G-Cloud sales have reached £154m as public sector departments buy on-demand services through the government’s online marketplace.
We reported in July last year the slow uptake that the Government’s G-Cloud initiative had received and the challenges that the Government Digital Service was facing to increase sales through the platform.
Following that report, however, sales through the G-Cloud have begun to gather momentum with sales at the end of March amounting to £154 million. This compares to a figure of £78 million in December 2013.
The G-Cloud is an extremely powerful tool for making cost savings for public sector organisations. In a recent blog post Deputy Director of Operations, Government Digital Services stated that:
“We’ve spent some time to identify savings of purchases made through G-Cloud...On average, we saw savings of around 50% and there are examples of savings of more than this. Other benefits buyers have spoken about include greater transparency; flexibility; a simpler, clearer, faster way to buy and ultimately better value for the taxpayer…”.
The potential for financial savings therefore make the success of the G-Cloud project an import objective in the Government’s overall procurement strategy. The news that sales are beginning to gather pace will be very welcome to the Government.
Part of the rationale for the G-Cloud platform is to facilitate competition by SMEs with larger organisations. The Government will therefore also draw encouragement from the fact that 60% of total sales by value and 60% by volume, from all reported G-Cloud sales to date were awarded to SMEs.
However, despite the good news is seems that there are still refinements that can be made to the platform.

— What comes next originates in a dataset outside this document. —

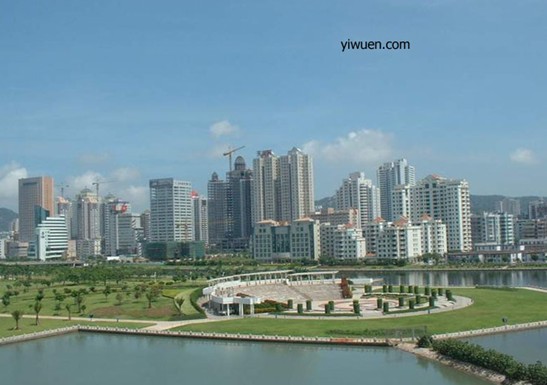 Yiwu city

In a reply to a recent freedom of information request made by the technology news website V3, it was discovered that 80% of suppliers on the G-Cloud platform had not made any sales at all through it, with suppliers reporting that the G-Cloud is being used as a ”shop window” instead of a place to make transactions.
The G-Cloud cannot yet therefore be declared a success, but perhaps the momentum that is beginning to build means the project may well still realise its full potential.